“Cowboys driving cattle over open range. Outlaws and lawmen facing one another on a dusty main street. Indian hunters racing through buffalo herds on horseback. These images, so familiar from books and movies, are what come to mind when many people think of the American West.” Although these images are not entirely fictionalized, the real American West was home to European settlers and pioneers. The show helped develop dramatic images of the "wild west" and the west was a place open for imagination and new starts.
Some lucky settlers or people flocking to the west found this promise of a better life fulfilled. These are the people who made the myth of the west true. However, for many others the promise did not come through. For them life was rough and the truth of the west was rougher. Still, a promise for the struggling people of eastern cities, suburban, and rural areas was a nice idea. It gave them hope and a bit of assurance that their hardships were not forever or in vain. The development of Wild West shows were a way to preserve this open promise- without the failure that it often presented in reality. For Native Americans, of course, the back side of the medal was a constantly lived reality, where the Wild West's 'frontier' was a battle front taking over traditional lands.

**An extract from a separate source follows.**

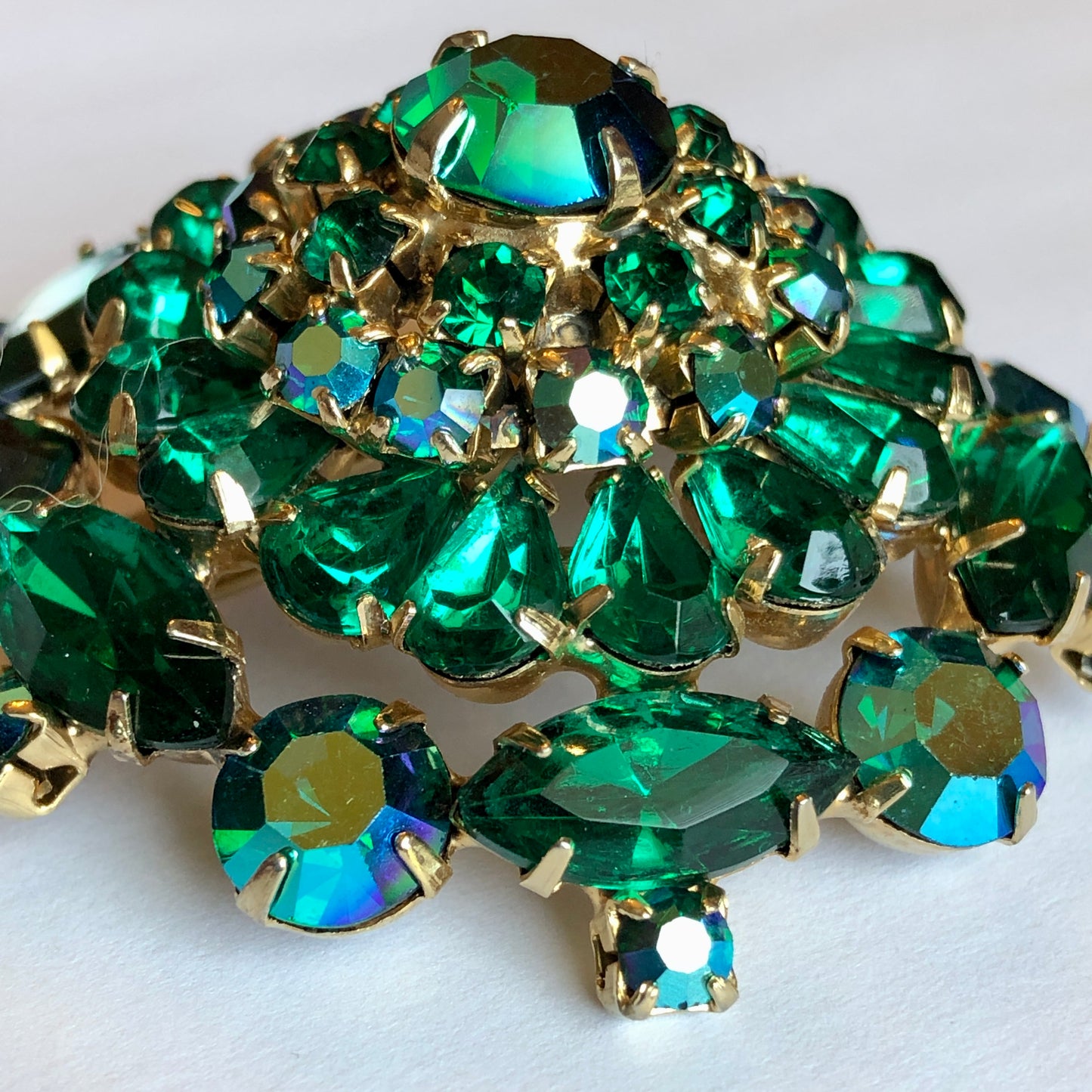 Mid Century Emerald Green Multi Cut Rhinestone Dome Shaped Cocktail Brooch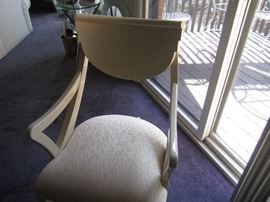 STYLE OF DINING ROOM CHAIR BY ELLO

Wild West shows were shows that took the reality of the West and glamorized it for the eastern audiences to give it an exciting appeal. The showmen who ran the shows adapted western life to fit an exaggerated yet captivating image which the eastern audiences both expected and were intrigued by. The shows were a marriage of reality and theater and were designed by the showmen to be both “authentic” and entertaining, a balance which sought to not flat out fabricate, but only enhance truth. Some shows even claimed educational benefits. The shows were “Romance and reality, adventure and ‘the story of our country’”.